**DATA SUPPLIED**
Content starts

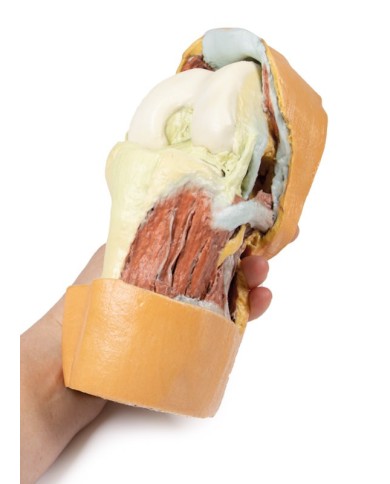 Dissezione profonda dell'articolazione del ginocchio flessa- Erler Zimmer 3D anatomy Series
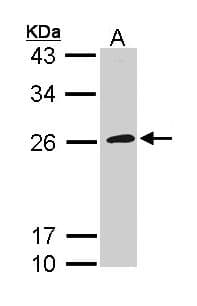 IHC-plus™ GP1BB / CD42c Antibody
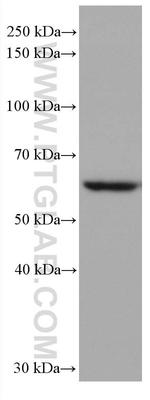 AKT1 Antibody in Western Blot (WB)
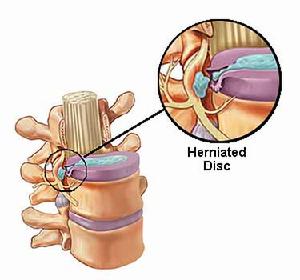 閉合性脊髓損傷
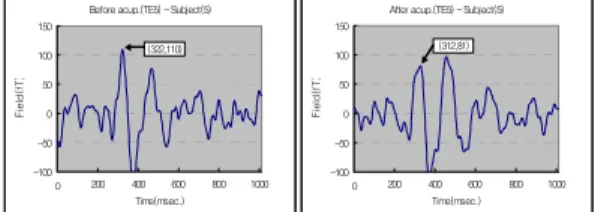 Fig. 8. The  changes  of  MEG  obtained  by  SQUID  induced  by  Acupuncture  on  GB43.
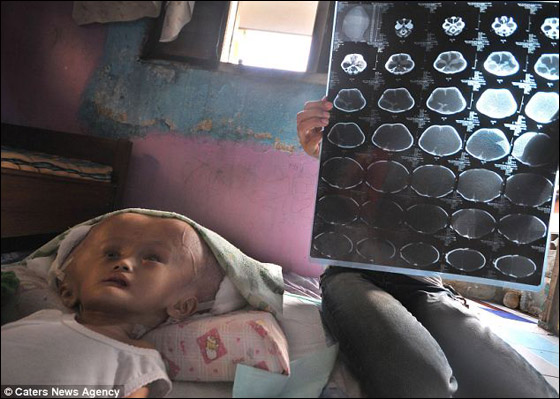 طفلة تحتاج لمعجزة طبية لتتخلص من مرض جعلها كمخلوقات الفضاء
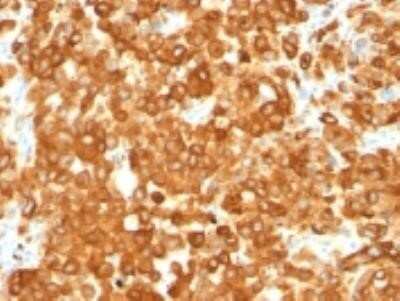 Immunohistochemistry-Paraffin: PMEL17/SILV Antibody (HMB45) - Azide and BSA Free [NBP2-34638] - Formalin-fixed, paraffin-embedded human melanoma stained with gp100/Melanosome Monoclonal Antibody (HMB45).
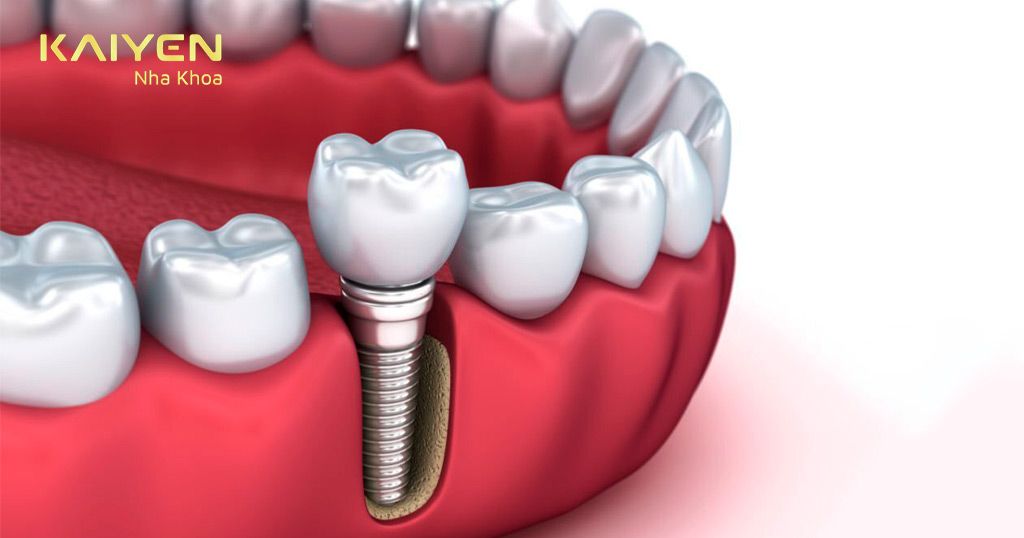 Trồng răng Implant là giải pháp tốt nhất để phục hình răng mất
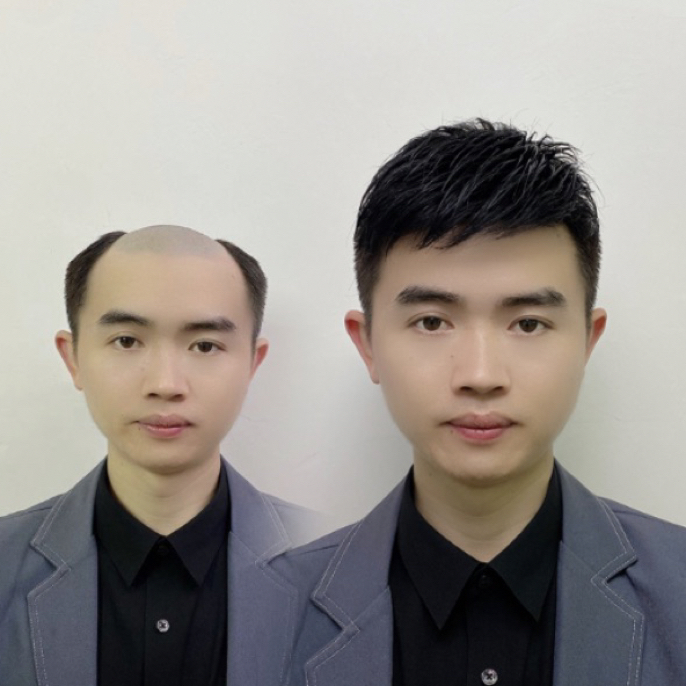 （瑞士网 ）发际线前额漂扣+递针头顶 男士假发片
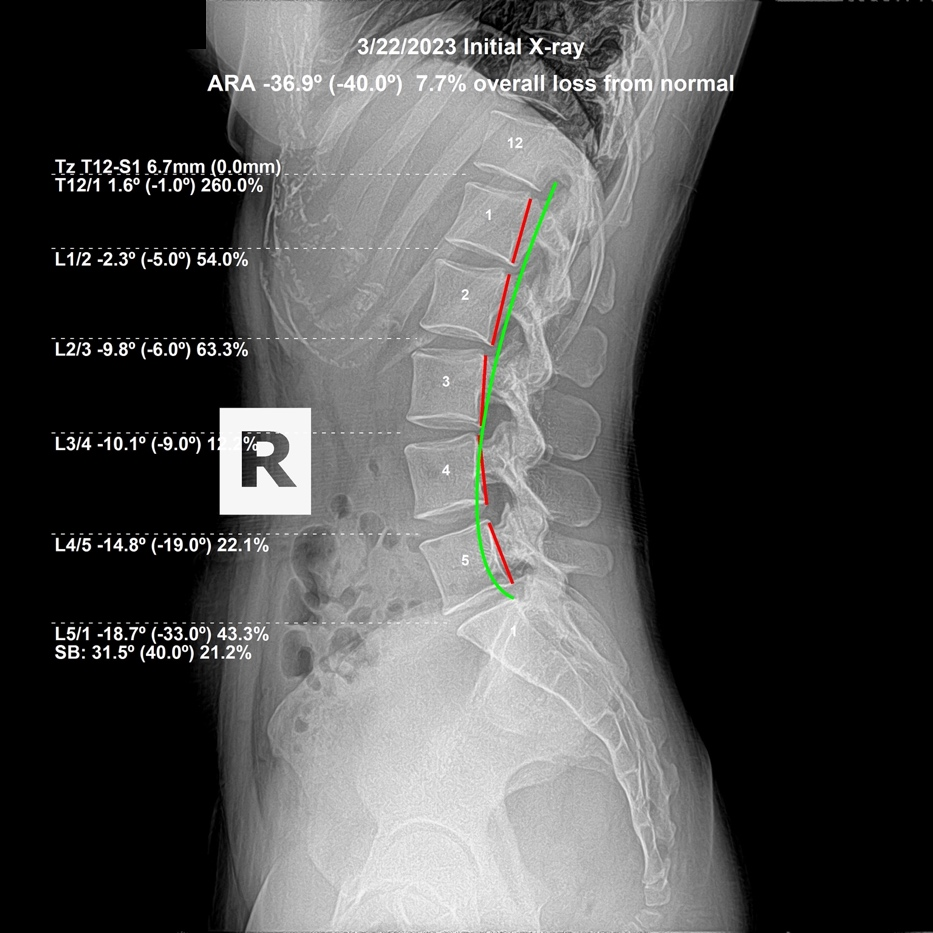 March 22, 2023 initial lateral cervical X-ray showing loss of the cervical curve from sustained neck flexion at work, Rochet Family Chiropractic Royal Palm Beach
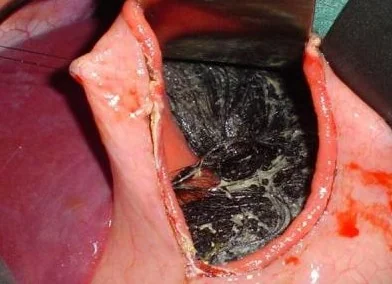 GASTRIC BEZOAR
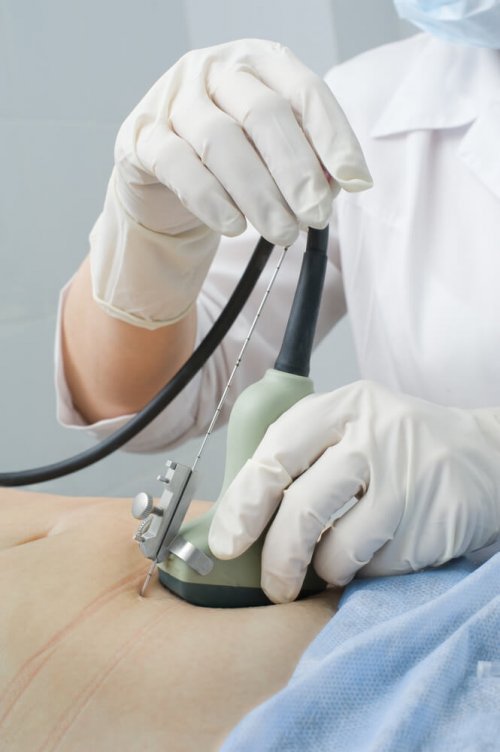 M~edico controlando gravidez molar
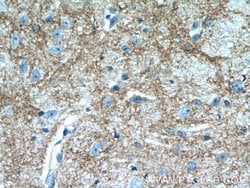 Kir4.1 Rabbit anti-Human, Mouse, Rat, Polyclonal, Proteintech 150 &mu;L;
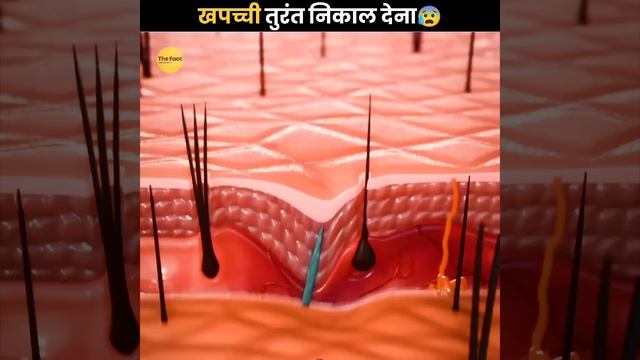 Splinter को तुरंत निकाल देना 😰 | Remove Splinter Immediately | The Fact | #shorts #ytshorts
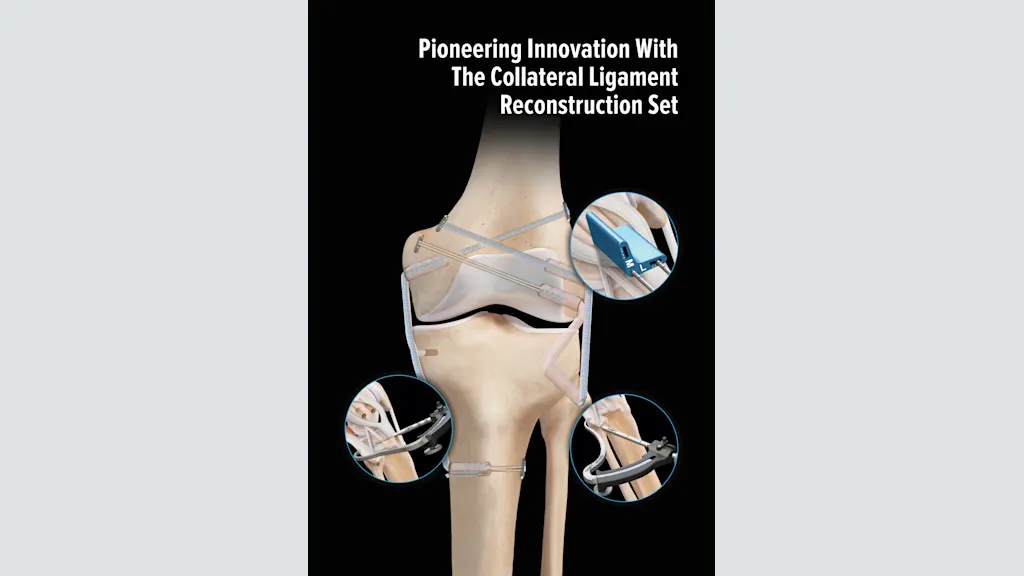 Pioneering Innovation With the Collateral Ligament Reconstruction Set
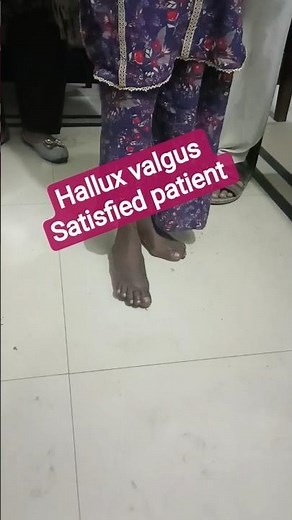 Hallux Valgus Corrected: A Successful Surgical Journey”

Content ends

**EXERCISE AIM**
Print the listing above in full, exactly as written. Omit any pictures.

**ANSWER SPACE**
 Dissezione profonda dell'articolazione del ginocchio flessa- Erler Zimmer 3D anatomy Series
 IHC-plus™ GP1BB / CD42c Antibody
 AKT1 Antibody in Western Blot (WB)
 閉合性脊髓損傷
 Fig. 8. The  changes  of  MEG  obtained  by  SQUID  induced  by  Acupuncture  on  GB43.
 طفلة تحتاج لمعجزة طبية لتتخلص من مرض جعلها كمخلوقات الفضاء
 Immunohistochemistry-Paraffin: PMEL17/SILV Antibody (HMB45) - Azide and BSA Free [NBP2-34638] - Formalin-fixed, paraffin-embedded human melanoma stained with gp100/Melanosome Monoclonal Antibody (HMB45).
 Trồng răng Implant là giải pháp tốt nhất để phục hình răng mất
 （瑞士网 ）发际线前额漂扣+递针头顶 男士假发片
 March 22, 2023 initial lateral cervical X-ray showing loss of the cervical curve from sustained neck flexion at work, Rochet Family Chiropractic Royal Palm Beach
 GASTRIC BEZOAR
 M~edico controlando gravidez molar
 Kir4.1 Rabbit anti-Human, Mouse, Rat, Polyclonal, Proteintech 150 &mu;L;
 Splinter को तुरंत निकाल देना 😰 | Remove Splinter Immediately | The Fact | #shorts #ytshorts
 Pioneering Innovation With the Collateral Ligament Reconstruction Set
 Hallux Valgus Corrected: A Successful Surgical Journey”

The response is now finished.